**What to do**
After reading the data below, copy out every line that contains the word "Unisex".

**Recorded data**

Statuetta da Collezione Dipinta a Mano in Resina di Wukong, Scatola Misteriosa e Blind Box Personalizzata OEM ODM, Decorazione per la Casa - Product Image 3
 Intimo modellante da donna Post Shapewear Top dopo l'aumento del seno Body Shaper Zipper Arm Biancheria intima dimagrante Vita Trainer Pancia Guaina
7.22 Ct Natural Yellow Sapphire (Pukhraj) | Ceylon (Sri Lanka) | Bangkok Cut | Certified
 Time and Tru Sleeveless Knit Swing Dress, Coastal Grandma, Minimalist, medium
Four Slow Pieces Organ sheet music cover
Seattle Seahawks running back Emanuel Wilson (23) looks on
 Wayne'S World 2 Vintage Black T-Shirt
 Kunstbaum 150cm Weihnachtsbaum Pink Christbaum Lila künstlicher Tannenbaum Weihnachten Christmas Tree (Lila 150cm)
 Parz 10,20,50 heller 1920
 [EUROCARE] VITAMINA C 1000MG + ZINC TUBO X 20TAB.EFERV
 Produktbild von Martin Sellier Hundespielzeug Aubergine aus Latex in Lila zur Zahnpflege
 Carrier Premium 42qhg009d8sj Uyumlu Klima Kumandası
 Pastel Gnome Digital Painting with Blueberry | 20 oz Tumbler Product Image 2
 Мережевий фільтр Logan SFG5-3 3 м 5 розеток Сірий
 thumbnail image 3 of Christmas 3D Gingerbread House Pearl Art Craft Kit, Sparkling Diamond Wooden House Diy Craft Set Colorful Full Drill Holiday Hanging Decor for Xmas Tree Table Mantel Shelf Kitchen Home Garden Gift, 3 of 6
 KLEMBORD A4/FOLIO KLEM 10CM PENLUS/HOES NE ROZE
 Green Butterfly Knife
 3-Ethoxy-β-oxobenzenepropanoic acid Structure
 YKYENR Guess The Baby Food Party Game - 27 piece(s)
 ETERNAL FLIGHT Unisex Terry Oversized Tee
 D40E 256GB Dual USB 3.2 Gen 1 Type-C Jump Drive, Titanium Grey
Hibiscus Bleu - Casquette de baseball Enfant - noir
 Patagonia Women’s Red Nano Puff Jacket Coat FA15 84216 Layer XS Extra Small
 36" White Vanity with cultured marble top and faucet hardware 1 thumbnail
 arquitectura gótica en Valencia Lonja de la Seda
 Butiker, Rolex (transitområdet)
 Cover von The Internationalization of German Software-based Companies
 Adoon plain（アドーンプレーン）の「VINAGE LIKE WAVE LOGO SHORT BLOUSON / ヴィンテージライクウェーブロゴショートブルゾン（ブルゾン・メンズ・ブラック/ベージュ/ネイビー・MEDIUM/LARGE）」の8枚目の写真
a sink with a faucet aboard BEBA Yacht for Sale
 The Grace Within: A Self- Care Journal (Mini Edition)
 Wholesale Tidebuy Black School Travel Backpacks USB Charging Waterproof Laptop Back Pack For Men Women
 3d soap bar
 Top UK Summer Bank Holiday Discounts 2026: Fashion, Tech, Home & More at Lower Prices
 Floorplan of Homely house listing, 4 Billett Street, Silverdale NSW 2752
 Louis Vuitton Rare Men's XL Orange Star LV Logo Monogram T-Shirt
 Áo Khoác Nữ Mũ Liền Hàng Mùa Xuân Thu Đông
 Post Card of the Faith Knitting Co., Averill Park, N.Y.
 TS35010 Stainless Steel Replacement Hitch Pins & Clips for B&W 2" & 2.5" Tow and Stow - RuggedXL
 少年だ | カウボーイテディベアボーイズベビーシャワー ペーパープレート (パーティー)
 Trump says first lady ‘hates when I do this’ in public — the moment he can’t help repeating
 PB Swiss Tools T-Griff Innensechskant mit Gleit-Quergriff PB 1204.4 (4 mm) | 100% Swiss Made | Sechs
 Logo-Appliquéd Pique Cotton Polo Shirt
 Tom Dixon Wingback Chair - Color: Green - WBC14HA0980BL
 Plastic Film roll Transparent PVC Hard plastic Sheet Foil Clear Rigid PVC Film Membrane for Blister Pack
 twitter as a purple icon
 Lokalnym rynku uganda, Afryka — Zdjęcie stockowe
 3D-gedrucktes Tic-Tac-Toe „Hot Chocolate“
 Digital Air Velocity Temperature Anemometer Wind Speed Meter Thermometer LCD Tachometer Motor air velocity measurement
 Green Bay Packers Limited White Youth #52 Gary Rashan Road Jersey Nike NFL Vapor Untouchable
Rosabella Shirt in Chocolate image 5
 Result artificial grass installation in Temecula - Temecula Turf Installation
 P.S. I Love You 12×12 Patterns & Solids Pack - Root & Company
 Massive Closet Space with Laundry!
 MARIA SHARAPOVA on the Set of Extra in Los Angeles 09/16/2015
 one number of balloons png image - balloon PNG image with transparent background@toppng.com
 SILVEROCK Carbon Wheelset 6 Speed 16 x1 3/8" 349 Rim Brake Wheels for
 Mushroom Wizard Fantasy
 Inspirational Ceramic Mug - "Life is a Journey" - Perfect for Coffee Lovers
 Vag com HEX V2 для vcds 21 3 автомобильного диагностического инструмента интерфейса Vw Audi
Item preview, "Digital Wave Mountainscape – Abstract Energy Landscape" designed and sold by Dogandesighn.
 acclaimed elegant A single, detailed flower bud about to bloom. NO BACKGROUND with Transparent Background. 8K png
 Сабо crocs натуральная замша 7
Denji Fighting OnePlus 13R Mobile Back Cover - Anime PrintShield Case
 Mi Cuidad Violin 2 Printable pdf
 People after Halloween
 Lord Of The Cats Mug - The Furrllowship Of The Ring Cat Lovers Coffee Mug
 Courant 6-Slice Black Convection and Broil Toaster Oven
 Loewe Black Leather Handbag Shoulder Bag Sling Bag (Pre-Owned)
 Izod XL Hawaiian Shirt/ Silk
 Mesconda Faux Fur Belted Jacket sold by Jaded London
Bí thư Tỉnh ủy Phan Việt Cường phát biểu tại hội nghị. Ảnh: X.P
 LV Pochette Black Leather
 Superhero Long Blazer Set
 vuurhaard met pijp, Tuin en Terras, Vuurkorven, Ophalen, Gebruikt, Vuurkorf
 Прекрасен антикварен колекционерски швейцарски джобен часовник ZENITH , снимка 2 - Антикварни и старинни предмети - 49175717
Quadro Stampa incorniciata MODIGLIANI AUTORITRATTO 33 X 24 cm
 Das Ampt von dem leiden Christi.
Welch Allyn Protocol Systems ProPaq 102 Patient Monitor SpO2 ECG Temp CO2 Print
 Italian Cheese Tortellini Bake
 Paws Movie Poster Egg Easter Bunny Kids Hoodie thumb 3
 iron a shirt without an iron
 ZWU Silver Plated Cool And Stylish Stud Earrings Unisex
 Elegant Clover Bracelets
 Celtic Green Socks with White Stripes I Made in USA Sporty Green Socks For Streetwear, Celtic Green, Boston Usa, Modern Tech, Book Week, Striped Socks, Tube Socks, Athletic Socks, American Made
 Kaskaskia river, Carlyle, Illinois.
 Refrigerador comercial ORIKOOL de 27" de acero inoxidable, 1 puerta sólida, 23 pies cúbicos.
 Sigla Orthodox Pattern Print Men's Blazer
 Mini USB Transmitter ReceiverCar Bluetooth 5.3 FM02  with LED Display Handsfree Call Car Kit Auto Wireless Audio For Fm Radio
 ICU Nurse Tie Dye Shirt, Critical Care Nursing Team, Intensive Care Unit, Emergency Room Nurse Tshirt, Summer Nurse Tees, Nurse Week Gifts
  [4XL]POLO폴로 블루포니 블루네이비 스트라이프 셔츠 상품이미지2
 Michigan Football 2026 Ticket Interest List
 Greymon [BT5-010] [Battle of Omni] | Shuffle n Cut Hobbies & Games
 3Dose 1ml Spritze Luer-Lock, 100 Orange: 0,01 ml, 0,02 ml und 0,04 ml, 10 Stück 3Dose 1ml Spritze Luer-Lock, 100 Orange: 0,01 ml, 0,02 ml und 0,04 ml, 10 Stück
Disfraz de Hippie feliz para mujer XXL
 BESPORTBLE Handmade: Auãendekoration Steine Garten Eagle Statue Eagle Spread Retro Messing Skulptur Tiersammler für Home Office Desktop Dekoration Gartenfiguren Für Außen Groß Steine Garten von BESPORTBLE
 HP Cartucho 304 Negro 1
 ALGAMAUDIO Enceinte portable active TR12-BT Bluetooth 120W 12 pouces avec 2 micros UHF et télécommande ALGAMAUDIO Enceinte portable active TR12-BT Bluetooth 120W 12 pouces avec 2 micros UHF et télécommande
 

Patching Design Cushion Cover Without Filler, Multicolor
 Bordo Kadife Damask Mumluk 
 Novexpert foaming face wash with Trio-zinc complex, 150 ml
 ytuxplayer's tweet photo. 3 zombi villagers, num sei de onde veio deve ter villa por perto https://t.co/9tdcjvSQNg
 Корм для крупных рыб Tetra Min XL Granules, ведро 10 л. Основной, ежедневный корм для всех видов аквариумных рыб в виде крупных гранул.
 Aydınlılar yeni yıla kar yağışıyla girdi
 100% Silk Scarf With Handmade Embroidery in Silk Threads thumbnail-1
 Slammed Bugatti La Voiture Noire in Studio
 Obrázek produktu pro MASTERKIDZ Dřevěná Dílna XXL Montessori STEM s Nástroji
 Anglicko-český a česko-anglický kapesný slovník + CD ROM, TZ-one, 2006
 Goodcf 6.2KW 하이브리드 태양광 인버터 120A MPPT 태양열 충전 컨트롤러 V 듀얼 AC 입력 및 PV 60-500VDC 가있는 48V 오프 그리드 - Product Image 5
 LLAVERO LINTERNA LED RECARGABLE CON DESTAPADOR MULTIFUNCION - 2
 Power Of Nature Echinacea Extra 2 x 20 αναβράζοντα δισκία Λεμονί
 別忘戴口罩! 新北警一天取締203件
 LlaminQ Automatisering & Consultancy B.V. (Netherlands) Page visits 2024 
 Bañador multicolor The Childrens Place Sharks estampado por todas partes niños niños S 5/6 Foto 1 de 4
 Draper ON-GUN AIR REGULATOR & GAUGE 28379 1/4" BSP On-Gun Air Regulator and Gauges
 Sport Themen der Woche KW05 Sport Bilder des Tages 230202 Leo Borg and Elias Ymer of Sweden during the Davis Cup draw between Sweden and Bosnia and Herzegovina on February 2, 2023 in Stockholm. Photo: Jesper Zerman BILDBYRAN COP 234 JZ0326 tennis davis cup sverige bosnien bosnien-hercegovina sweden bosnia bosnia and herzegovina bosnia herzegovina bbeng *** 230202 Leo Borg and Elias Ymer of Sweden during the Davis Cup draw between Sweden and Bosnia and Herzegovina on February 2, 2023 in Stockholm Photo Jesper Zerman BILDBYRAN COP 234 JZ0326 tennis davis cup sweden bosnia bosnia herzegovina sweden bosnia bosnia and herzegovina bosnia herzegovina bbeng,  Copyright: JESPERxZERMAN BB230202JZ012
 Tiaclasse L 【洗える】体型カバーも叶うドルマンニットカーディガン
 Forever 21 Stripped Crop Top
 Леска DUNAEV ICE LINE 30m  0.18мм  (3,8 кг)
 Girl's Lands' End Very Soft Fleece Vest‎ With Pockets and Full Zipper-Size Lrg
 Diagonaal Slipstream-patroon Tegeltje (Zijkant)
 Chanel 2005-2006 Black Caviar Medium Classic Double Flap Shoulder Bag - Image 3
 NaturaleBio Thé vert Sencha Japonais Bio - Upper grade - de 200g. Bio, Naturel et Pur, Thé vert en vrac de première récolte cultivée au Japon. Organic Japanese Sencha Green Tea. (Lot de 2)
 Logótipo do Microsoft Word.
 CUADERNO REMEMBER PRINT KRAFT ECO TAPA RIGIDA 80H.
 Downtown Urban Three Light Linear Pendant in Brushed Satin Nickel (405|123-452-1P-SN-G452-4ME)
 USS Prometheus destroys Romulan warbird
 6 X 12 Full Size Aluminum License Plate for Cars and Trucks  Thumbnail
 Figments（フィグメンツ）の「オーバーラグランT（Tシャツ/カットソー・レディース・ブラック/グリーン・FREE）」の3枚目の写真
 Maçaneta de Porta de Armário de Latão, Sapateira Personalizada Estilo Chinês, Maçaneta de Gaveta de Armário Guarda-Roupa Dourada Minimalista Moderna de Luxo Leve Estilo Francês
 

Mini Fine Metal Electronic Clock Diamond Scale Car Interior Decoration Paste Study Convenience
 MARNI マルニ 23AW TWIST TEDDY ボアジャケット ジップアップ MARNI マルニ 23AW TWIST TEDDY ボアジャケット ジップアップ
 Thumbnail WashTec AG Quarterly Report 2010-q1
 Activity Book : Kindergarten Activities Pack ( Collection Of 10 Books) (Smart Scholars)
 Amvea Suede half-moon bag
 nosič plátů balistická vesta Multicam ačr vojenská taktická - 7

**Output of the task**
 ETERNAL FLIGHT Unisex Terry Oversized Tee
 ZWU Silver Plated Cool And Stylish Stud Earrings Unisex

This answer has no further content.